Over the years, high school can become a distant memory. The letter jackets get packed away and the senior rings make way for trendy jewelry. For five high school graduates, NKCH became a place to reconnect.
Long Lasting Friendships
It’s been 45 years since Director of Plant Operations Joe Becker and GI Lab Nurse Barbara Vodopest, RN, graduated from Bishop Hogan High School with 149 other students.
The school, now operated as Hogan Preparatory Academy, is still located at Meyer and Troost, across from The Landing Shopping Center.
Freshmen and sophomore female students wore a maroon blazer, with the Bishop Hogan crest, or a gray blazer for juniors and seniors. Gray skirts, Saddle Oxford shoes and knee-high socks completed the ensemble. “I’ve been wearing a uniform all my life,” laughed Barbara, who owned only one pair of jeans in high school.
Jewelry was minimal and often included the MIA (Missing in Action) bracelets to remember U.S. soldiers fighting in Vietnam. The war ended in 1973, the year Joe and Barbara graduated.
Although Joe and Barbara knew of each other in high school, they stayed busy with different interests. As one of 13 children, Joe spent weekends working for $1.75 an hour to pay for his tuition, clothes and other expenses. Barbara was one of nine children and remembers spending time with family.

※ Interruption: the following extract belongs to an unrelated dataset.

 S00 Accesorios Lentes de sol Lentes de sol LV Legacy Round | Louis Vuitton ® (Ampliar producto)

Highlights for her were watching television and playing games.
Both Joe and Barbara remember a simpler time compared to the hustle of today. “We watched Lawrence Welk on Saturday night on our black and white television. That’s also when we got our bath and polished our shoes for church on Sunday,” Joe remembered.
Joe and Barbara will have another chance to reminisce about their high school days at their upcoming 45-year reunion this summer.

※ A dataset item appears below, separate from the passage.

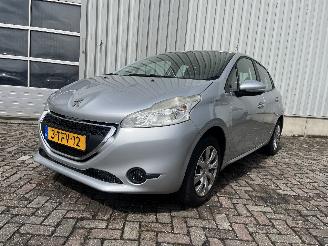 Schadeauto Peugeot 208 208 I (CA/CC/CK/CL) Hatchback 1.2 Vti 12V PureTech 82 (EB2F(HMZ)) [60k=
W]  (03-2012/12-2019) 2013/2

Nannette McQueen, (MT ASCP), Lynn Bradberry and Bev Carter, RN (group picture at top), attended rural Kearney High School.
But, Lynn’s world didn’t end. In fact, she found true love at Kearney High School, as did Nannette and Bev.

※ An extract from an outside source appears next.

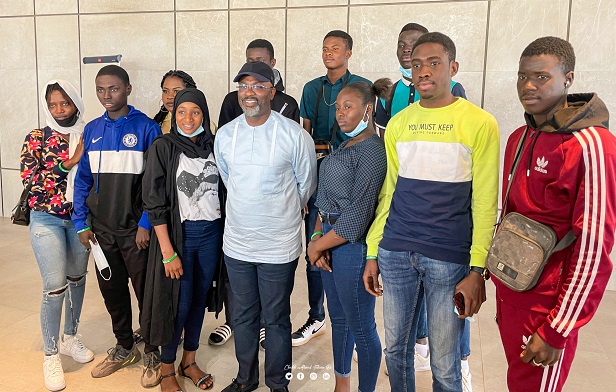 Petit-déjeuner du week-end de Pâques :  Cheikh Ahmed Tidiane Ba à l’écoute des bacheliers Médinois de l’année 2020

During their high school years from 1977-1980, the ladies knew of each other but socialized in different circles. “Nannette was the smart one. She was always studying, and I wished I could be more like her,” Lynn remembered. “I always thought of Lynn as smiling and happy, just like she is today,” Nannette said.
Looking back, they reflect on how times have changed. Teens brought guns on school property because their guns hung in the back windows of their trucks.
Back then, teasing was the buzz word instead of today’s term, bullying. “Sometimes it was hard because the boys called me Valkun instead of my last name, Valkus,” Nannette said. “I didn’t like it but that’s the way it was for us.”
For the ups and downs of high school, there are memories (and pranks) that still bring a smile: a greased pig running through the library and a loose chicken in the Cafeteria. “We worked hard, but we had fun,” Lynn said.